At the same time, the larger the company, the harder it is to innovate: A 2017 report by PwC tracking 1,200 global executives and business leaders in 44 countries found that 54% of them struggled to align their business with their innovation goals.
This isn’t going to change entirely, nor should it. The structural safeguards and reinforcements that exist in the large enterprise are vital to its health and security. Instead, by partnering with firms that specialize in innovation, large companies can still rise to the top.
Failure to Launch
To better understand this, let’s break down why it’s so hard to innovate in the context of the large enterprise. A few major factors are:
- Organizational structure. A large company has, by definition, been successful. They’ve done this by finding a business model that works and created structures, cultures, and processes that supported this business model. Innovation doesn’t really fit into that machine. A disruptive innovation can’t be generated by a system set up for something else entirely. Innovating would require a change to that organizational structure.

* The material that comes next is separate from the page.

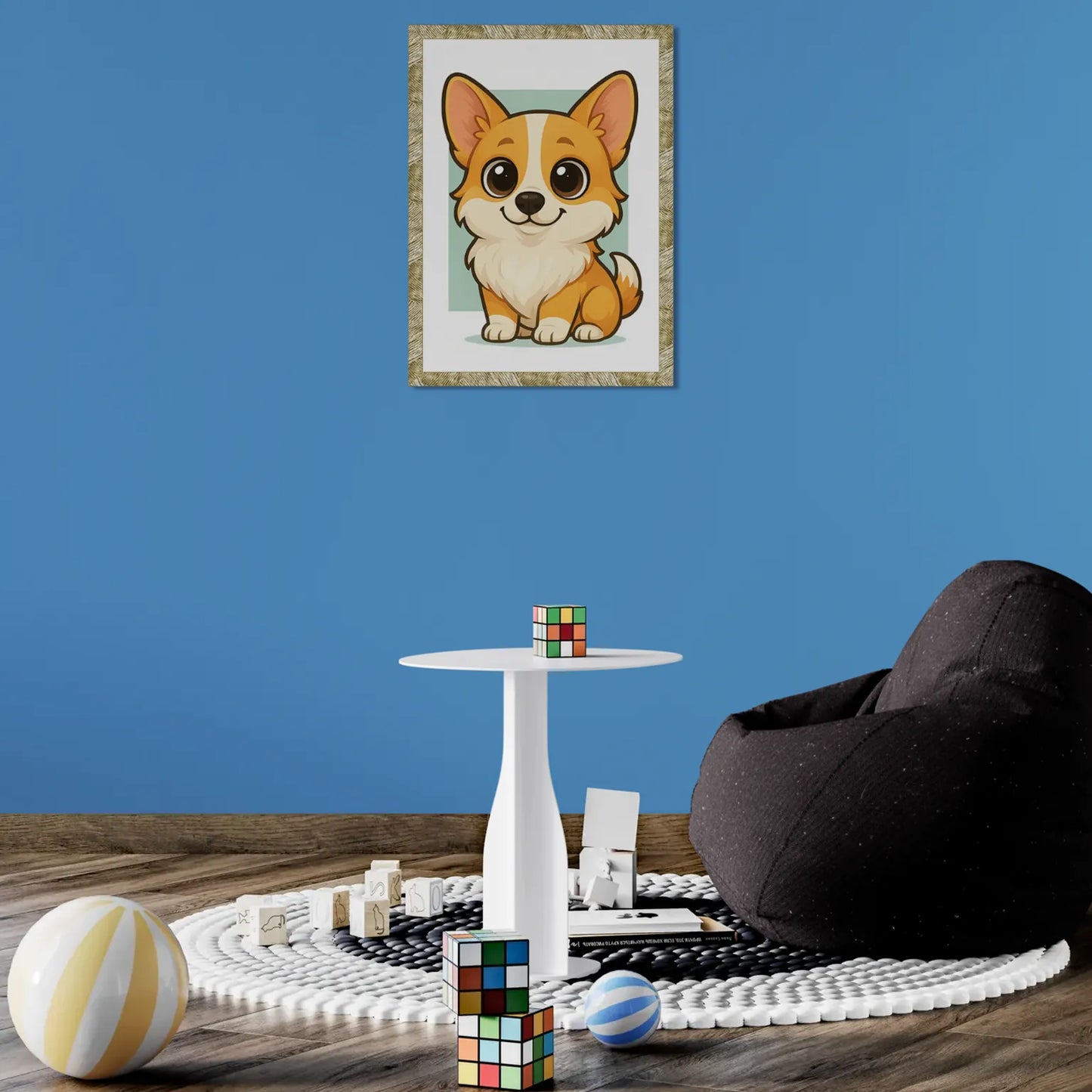 Welsh Corgi Pembroke in stile Chibi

- The intricacy of the functional budget. The sheer dollar amount of cash that flows through a large company is staggering. For the numbers to work, budgets must account for every eventuality. This makes for less flexibility in spending which hinders innovation.

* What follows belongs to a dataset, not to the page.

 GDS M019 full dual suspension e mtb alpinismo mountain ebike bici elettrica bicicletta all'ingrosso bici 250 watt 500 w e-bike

Other challenges are entrenched in the culture and changes are slow:
- Lack of support at the top. An HBR article by authors Karan Girotra and Serguei Netessine cited a lack of involvement and encouragement by upper management as one of the top 3 challenges to innovation. While board and upper-level executives are initially enthusiastic, they fail to take the time or energy to engage with the projects. This causes projects to lose steam and fizzle out.

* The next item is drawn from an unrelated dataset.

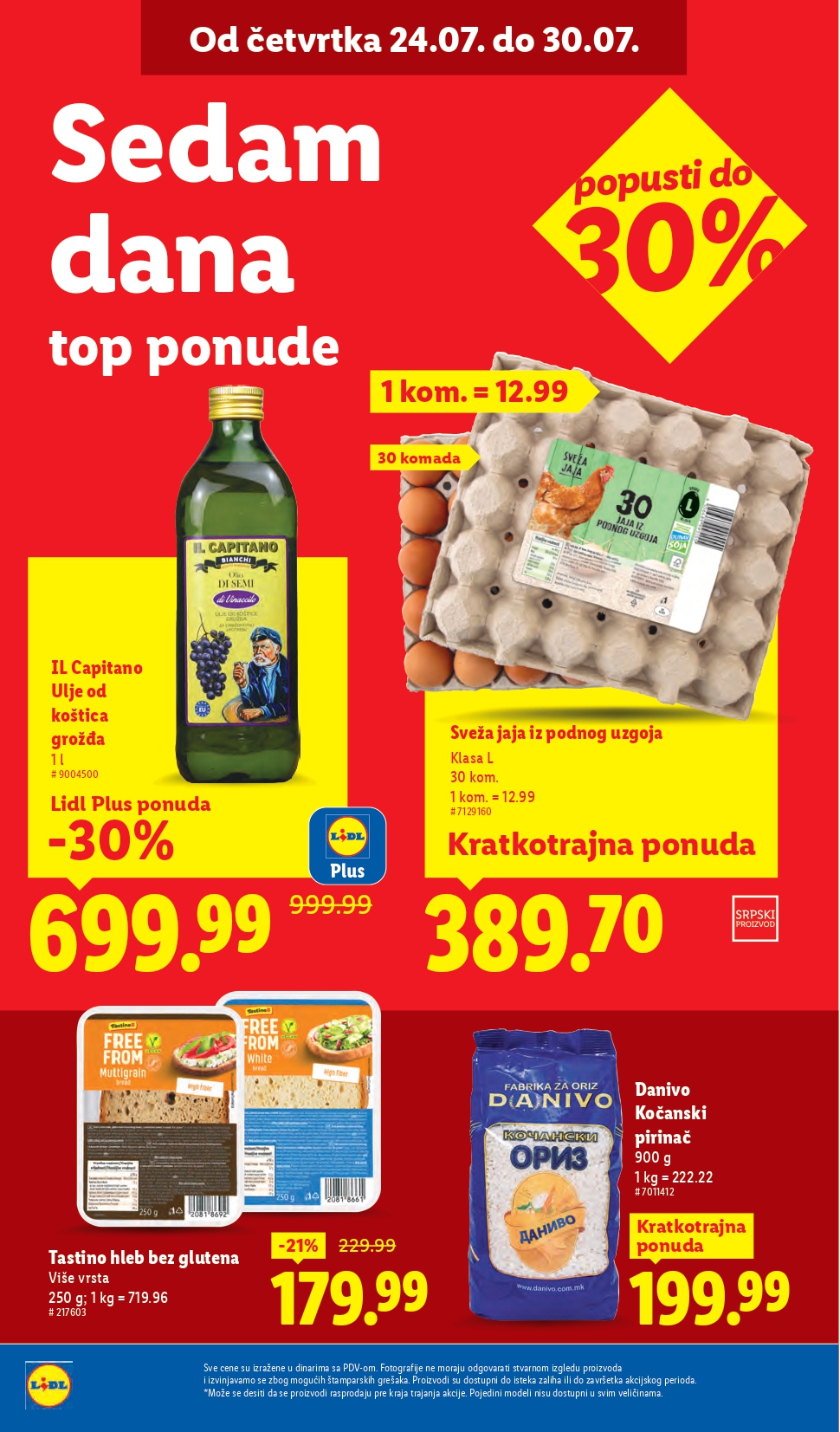 Lidl katalog PREHRANA 24-30.7.2025.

- Fixed mindset. The HBR research also showed that large companies develop tunnel vision. They stick to established goals and don’t pivot preventing new information from potentially illustrating a new path toward success.
- All or nothing approach. Girotra and Netessine also referenced large companies’ all-or-nothing attitude when it comes to new strategies or projects. The governing principle of the large enterprise is to ‘go big or go home,’ rather than experimenting on a smaller scale. With this approach, many projects are just too extreme and risky and don’t get lift off.
Why Innovation Is So Urgent
In today’s business landscape of disruptive innovators and technological breakthroughs, business model life cycles are becoming shorter and shorter. This is due to all of most innovative technologies finally making their way into business processes in recent years. From machine learning and AI to VR and blockchain, technology is evolving rapidly and disrupting industries constantly.
Large companies can’t legitimately match the speed and complexity of innovation. Yet, in order to stay competitive, they must. A conundrum.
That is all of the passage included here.